Yesterday I went to a Ealing beekeepers association session. We were working through a ‘Starting Beekeeping – Practical Checklist’ produced by the BBKA following requests by beekeepers teaching beginners.
There are eight sections to the checklist: Background, Manipulation, Basic disease, Annual cycle, Basic Queen skills, Extraction, Specific diseases and Basic apiary management. We were going through each section in plenty of detail and a fair bit of laughing, so only fitted two in during two hours, Background and Basic disease.
Some of my notes from the Background section:
Can I control/restart a smoker?
Even some of the most experienced beekeepers admit to having problems keeping their lighters going. Big smokers keep going longer, so buy the biggest you can find. Put in newspaper first, then something like egg boxes or sawdust. Always light the smoker from the bottom – a long gas lighter or cook’s blowtorch is useful for this. Put grass on the top to stop sparks coming out and burning the bees.
Do I have clothing I am confident with and that can be cleaned?
Bee suits can be washed in the washing machine with the veil removed. The veil can be soaked separately in washing soda, which helps remove propolis. Ideally wash your suit after each visit to a hive. New beekeepers are often sold long leather gloves – resist buying these!

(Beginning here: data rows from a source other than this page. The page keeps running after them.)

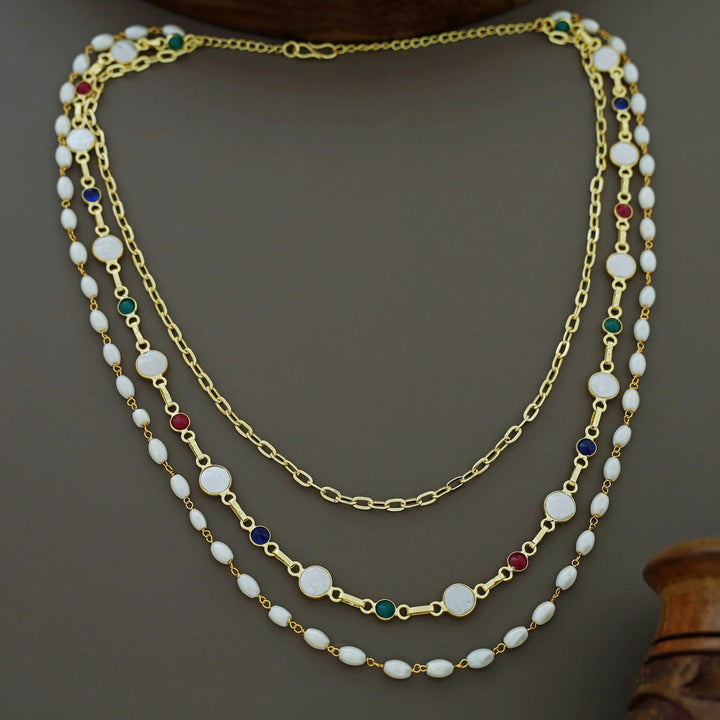 Jona 3 Layer Glossy Pearl Neckpiece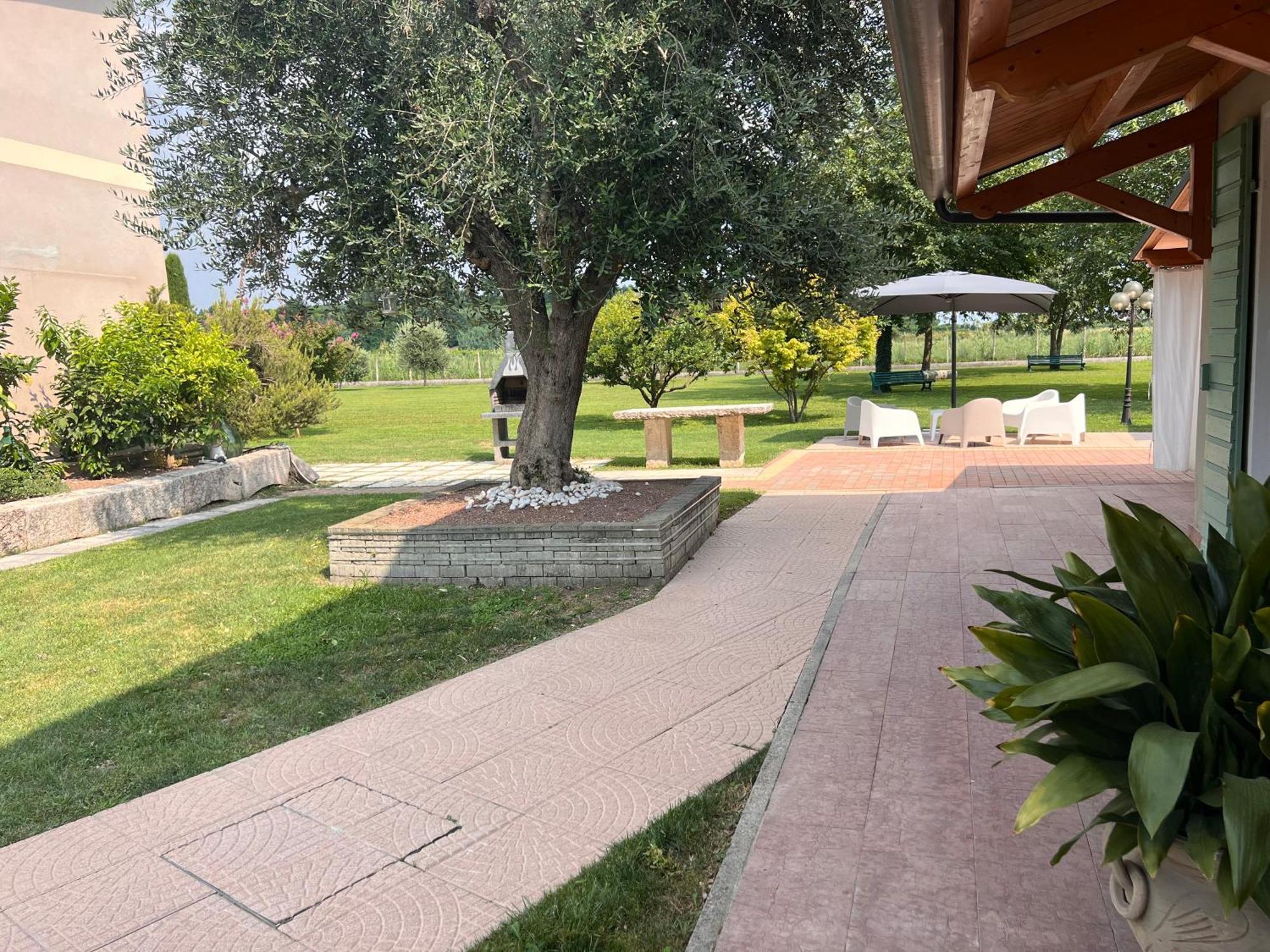 Appartamento "Casa Vacanze Corte Ara Decima" Sona Exterior photo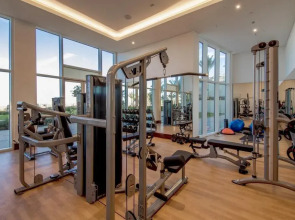 Crowne Plaza Muscat OCEC by IHG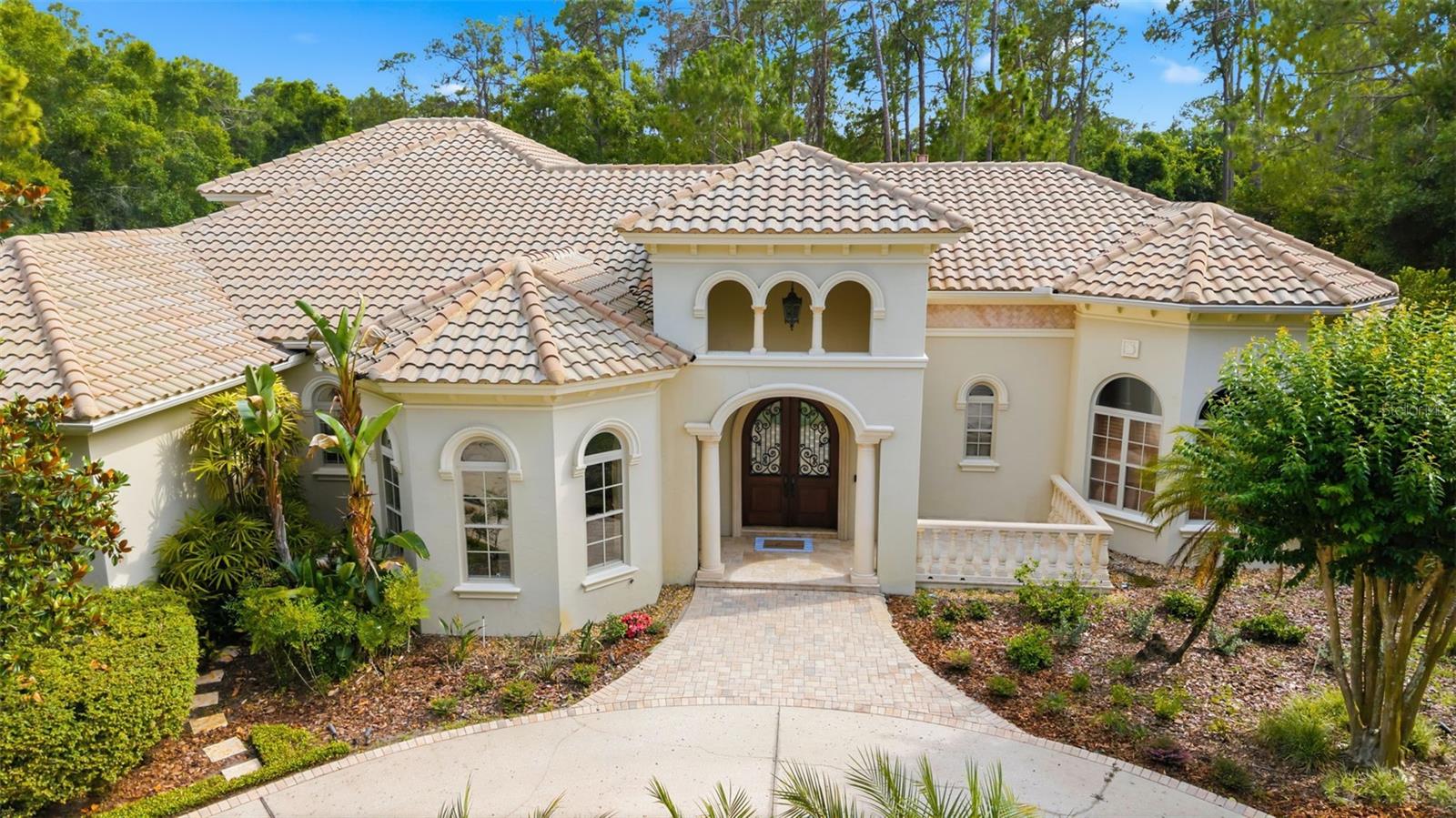 Welcome to 18901 Lakes Edge Way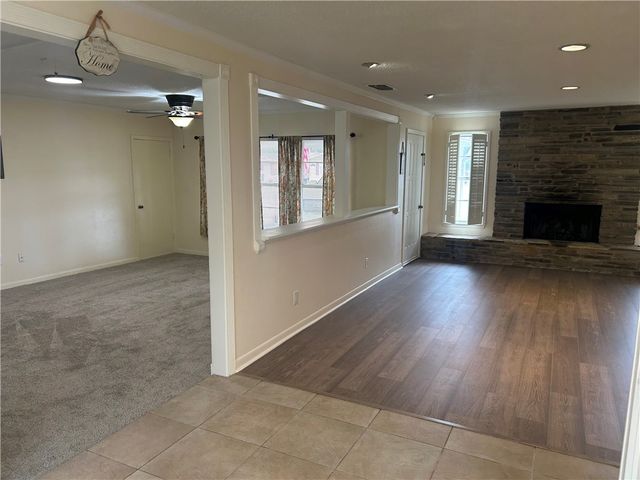 905 W Terrace Blvd, Rockport, TX 78382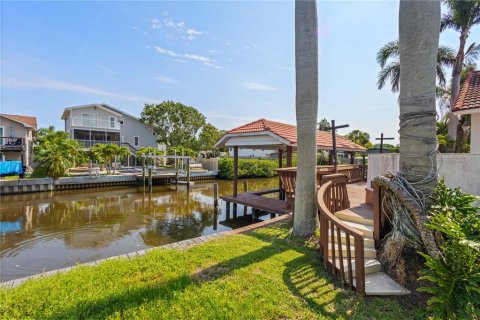 House in Palm Harbor, Florida 3 bedrooms, 214.05 sq.m. № 1749304 - photo 25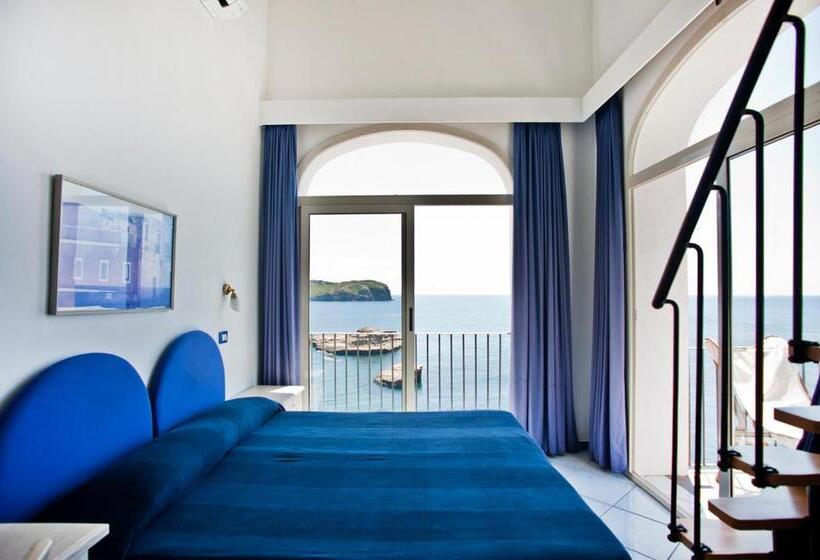 4인용 스탠다드 룸, Villa Iulia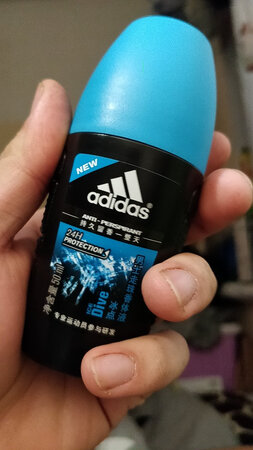 网上什么舒耐啊，乱七八糟的买了好多种，一点效果都没有！而且味道很难闻！但是有一天！突然有一天！我不知道从哪里得知，有这样一种东西，阿迪达斯走珠香体液！他，味道好闻，他，外形好看，他，持久留香！简直是汗味的克星！简直是。人们的福音。我就后悔怎么没早点遇到你呢小东西。以后看来是离不开你了。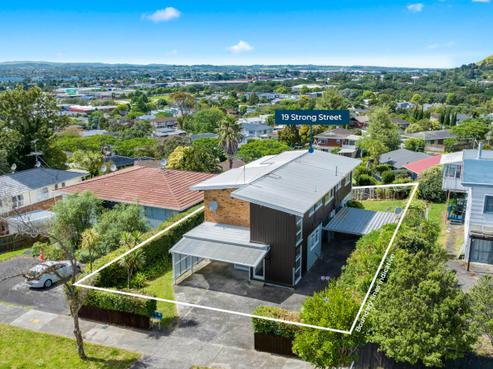 19 Strong Street, Saint Johns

These are lovely and soft the first time you wear them, but soon get covered in propolis and become hard and stiff. They are also un-hygenic compared to disposable latex gloves, which cost around £4 for packs of a hundred or can even be obtained for free from petrol stations or hospitals! If you want extra protection the latex gloves can be worn over leathers.
Do I have ‘things’ in my pocket? (queen cages, matches etc)
A suggested tool kit for your pocket:
- Tin of drawing pins for marking frames/attaching mouse-guard in the winter
- Queen cage and marker pen in this year’s colour
- Matches or lighter for your smoker
- Foam rubber – use pieces of foam to seal up any gaps or reduce the entrance
- Sharp nail scissors if you clip your queen’s wings to stop her swarming. John Chapple told us a story about going beekeeping with the expert beekeeper Clive de Bruyn, who told John that he did this with his teeth! Not something I’ll be trying!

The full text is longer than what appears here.